[Opening DATASET EXCERPTS section]
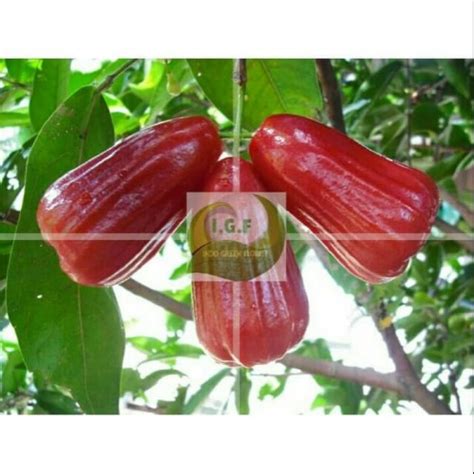 Jual Paket Isi Bibit Jambu Air Dalhari Citra Madu Deli King Rose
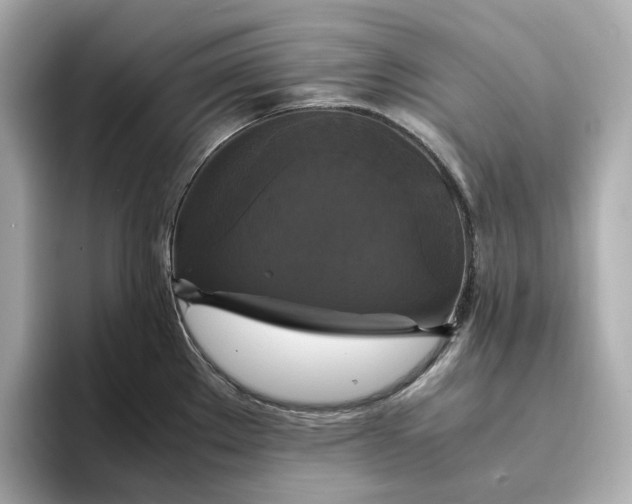 X0000095121289200712211302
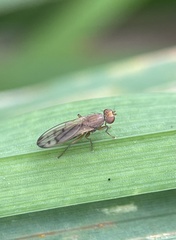 Opomyza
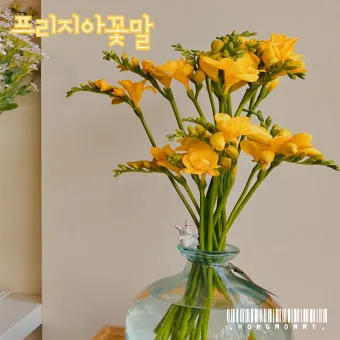 프리지아 수선화 꽃말 꽃다발 선물 의미_8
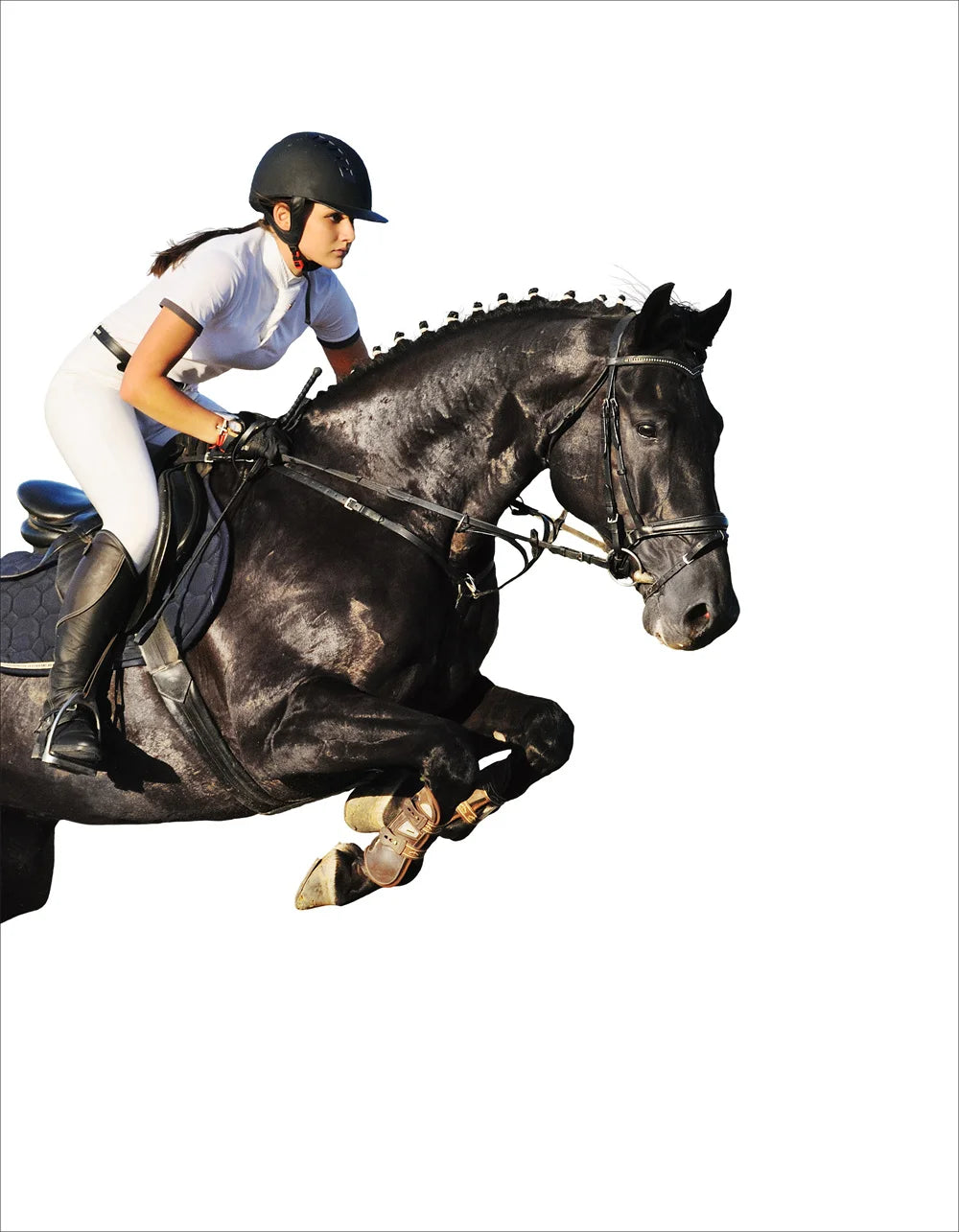 Horse Racing Equestrian Horse  Double Decorative Paintings @ ghoddosh.com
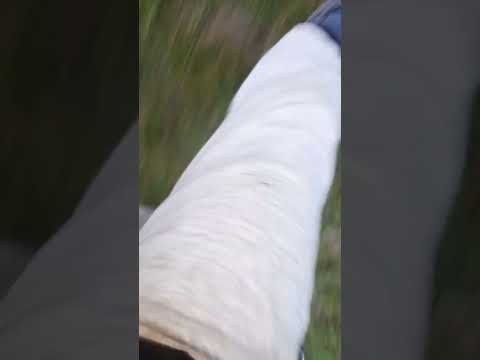 Lucija i Miško su se izgubili (Ja sam ih 3 sata tražio)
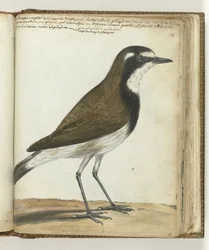 Oiseau-mouton ou rossignol du Cap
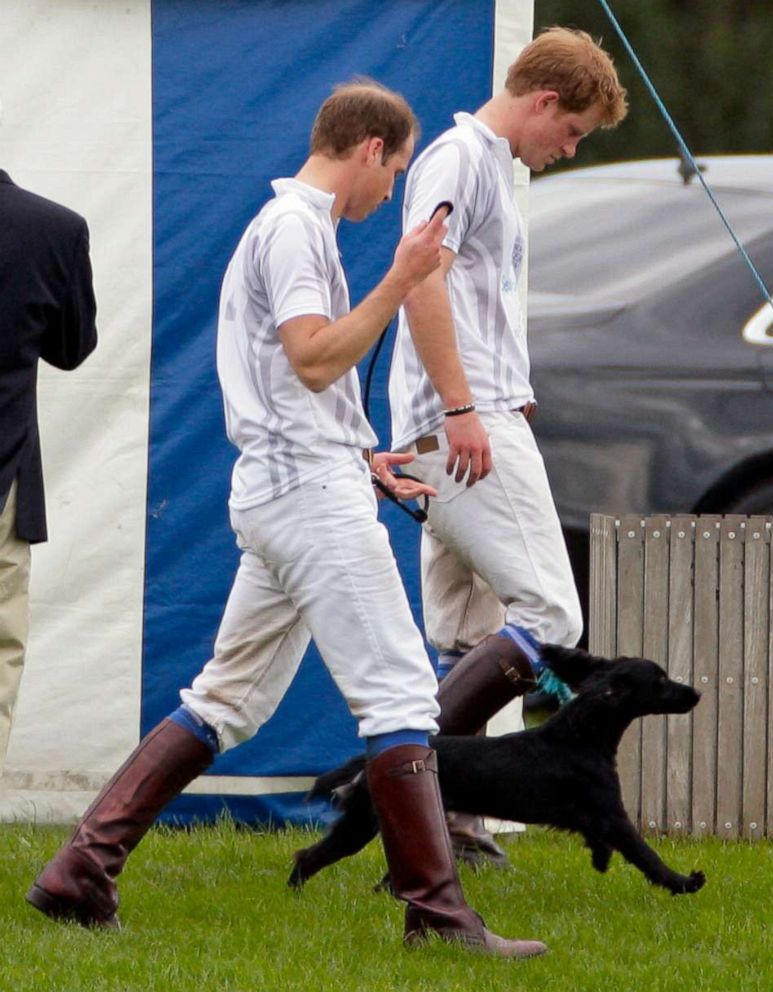 PHOTO: Prince William, Duke of Cambridge and Prince Harry walk with Prince William's and Catherine, Duchess of Cambridge's dog Lupo after playing in the Audi Polo Challenge charity polo match at Coworth Park Polo Club on May 13, 2012, in Ascot, England.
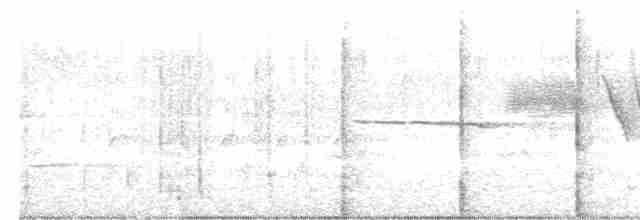 Kuzey Amerika Kara Ağaçkakanı - ML587313531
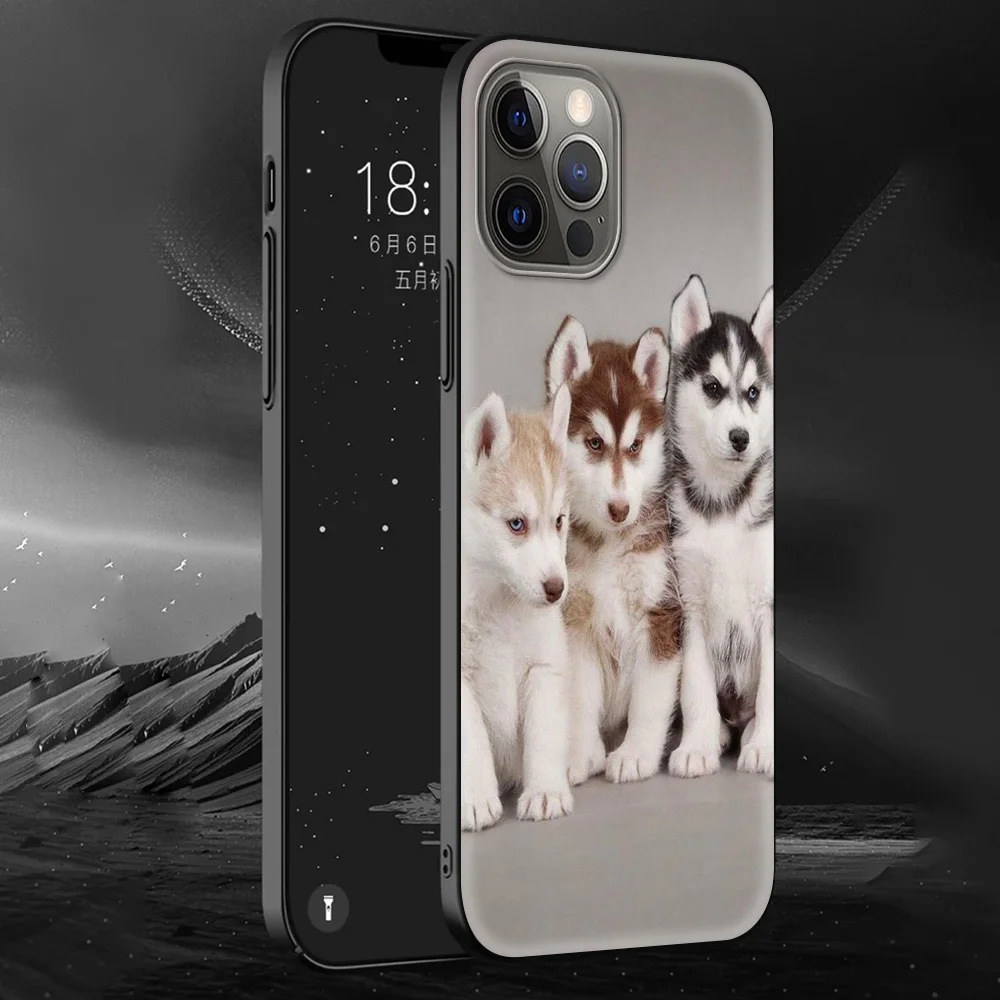 

Siberian Husky Silicone Soft Phone Case for iPhone 12 11 Pro MAX 8 7 XS XR X 6 6S Plus XS MAX SE 2020 Luxury Coque Shell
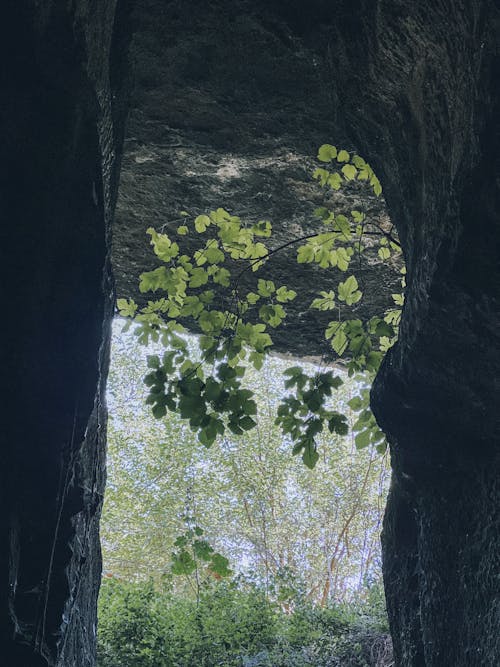 Foto profissional grátis de adega, buraco, entrada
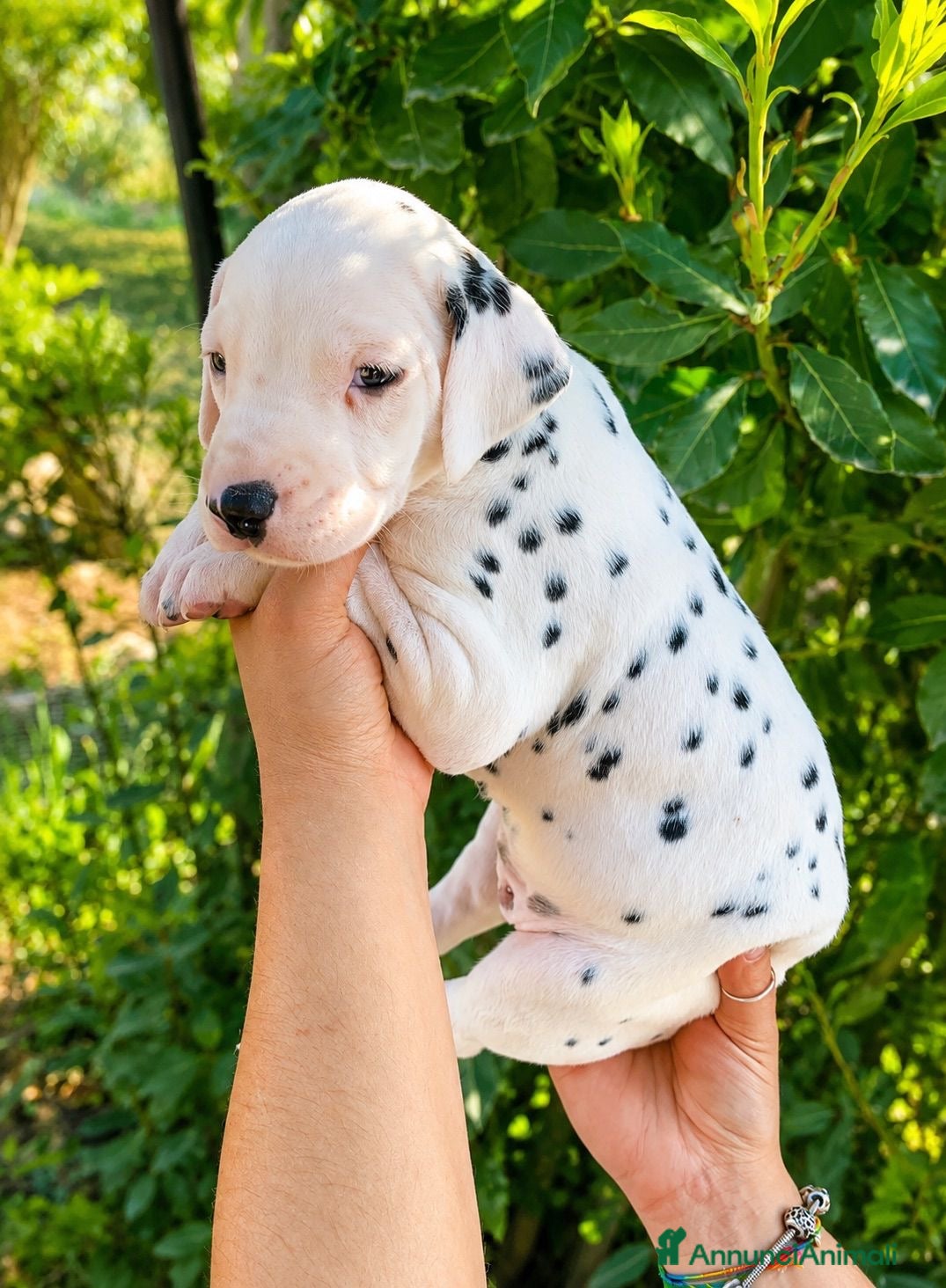 Dalmata cani Adorabile cucciolo di dalmata con pedigree  - Annuncio 1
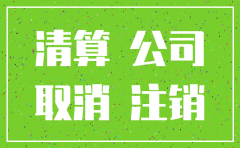 公司注销 注册资本 会计处理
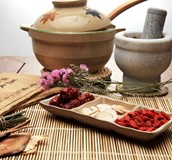 中醫減重面面觀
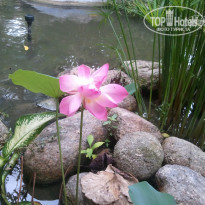 фото из отзыва ID 437673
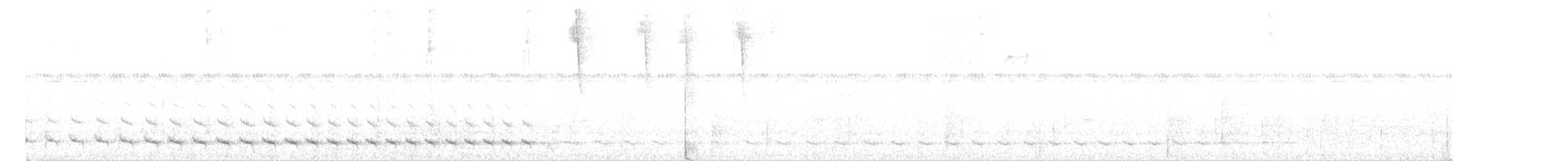 White-tailed Trogon - ML466643041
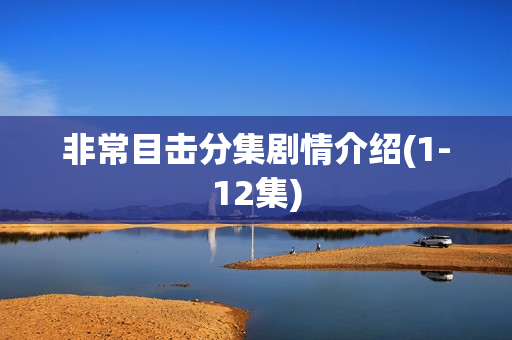 非常目击分集剧情介绍(1-12集) 非常目击分集剧情介绍(1-12集)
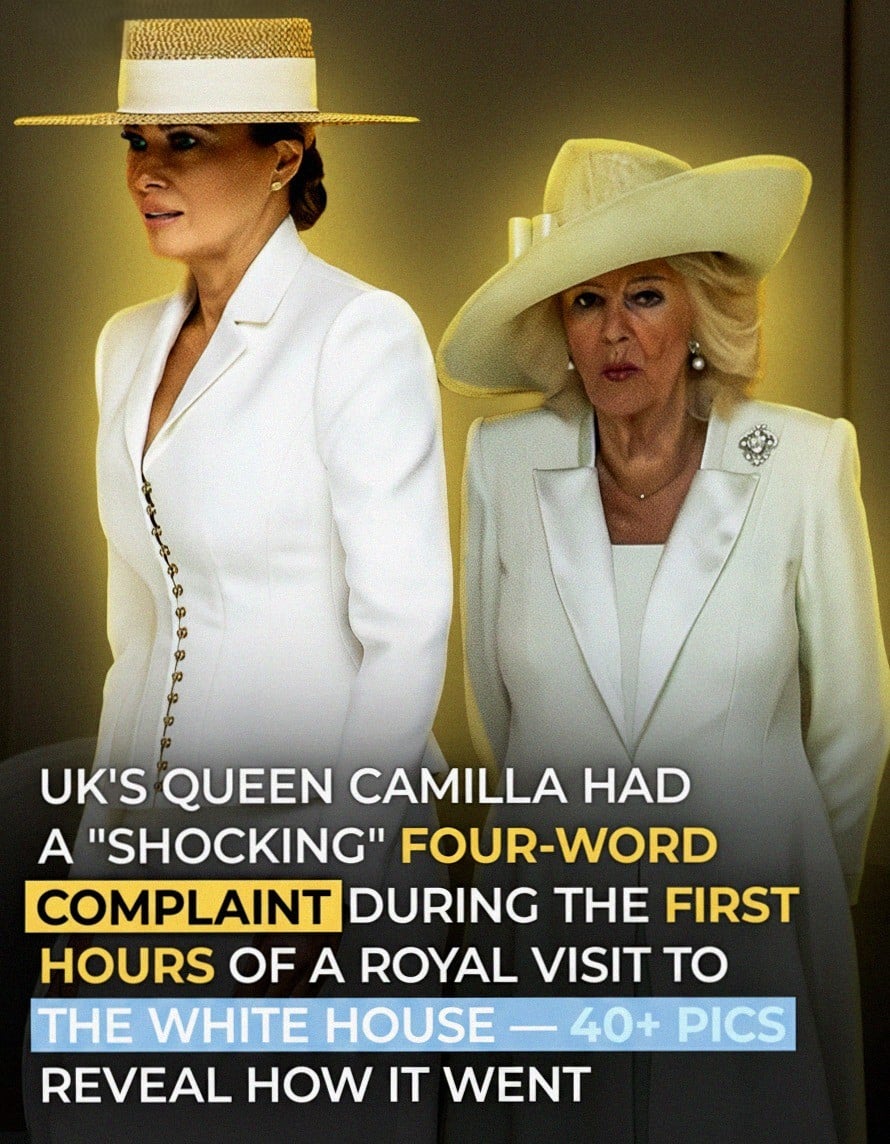 Melania Trump Turns Heads in White at State Dinner as Other Notable Moments Spark Buzz — Photos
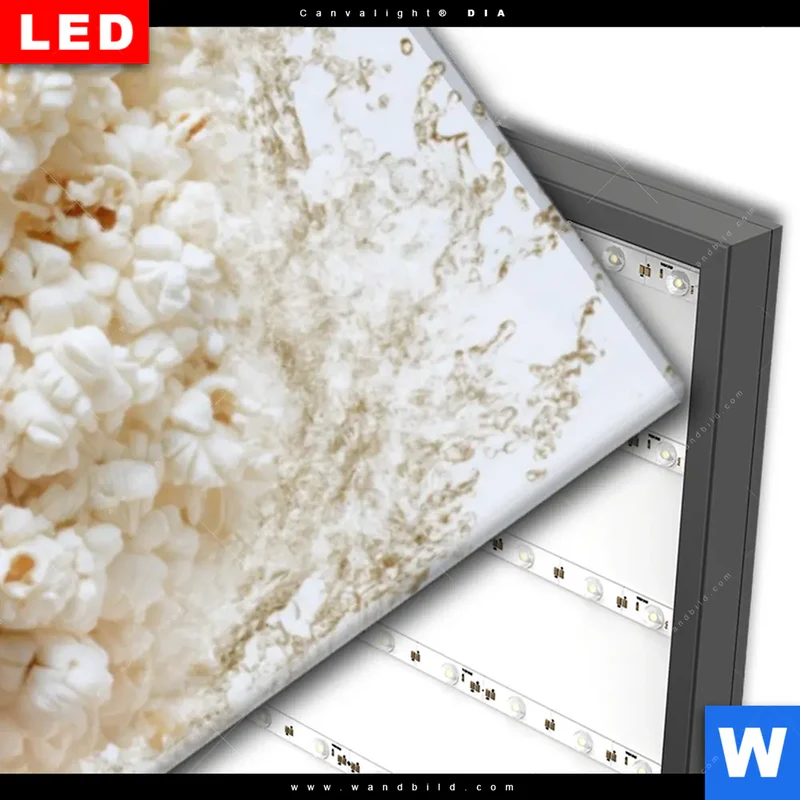 Wechselmotiv Acrylglas Canvalight® DIA | Crazy Popcorn Hair | Panorama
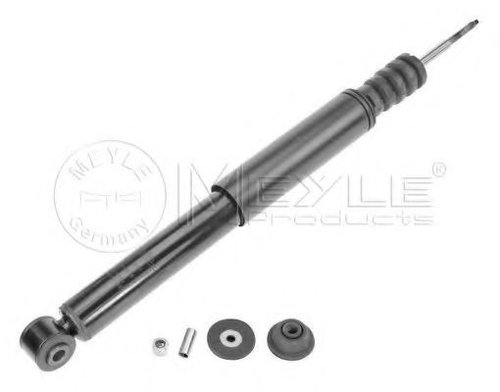 Amortizor RENAULT CLIO III (BR0/1, CR0/1) (2005 - 2012) MEYLE 16-26 725 0009 piesa NOUA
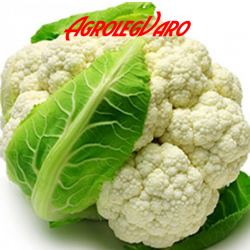 Seminte de conopida ERFURT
[Closing DATASET EXCERPTS section]
* **PROBLEM STATEMENT**
Reproduce exactly the part of the records above that begins at the line holding "非常目击分集剧情介绍(1-12集) 非常目击分集剧情介绍(1-12集)" and ends at the final line, both included, leaving out the pictures.

* **WRITTEN RESPONSE**
 非常目击分集剧情介绍(1-12集) 非常目击分集剧情介绍(1-12集)
 Melania Trump Turns Heads in White at State Dinner as Other Notable Moments Spark Buzz — Photos
 Wechselmotiv Acrylglas Canvalight® DIA | Crazy Popcorn Hair | Panorama
 Amortizor RENAULT CLIO III (BR0/1, CR0/1) (2005 - 2012) MEYLE 16-26 725 0009 piesa NOUA
 Seminte de conopida ERFURT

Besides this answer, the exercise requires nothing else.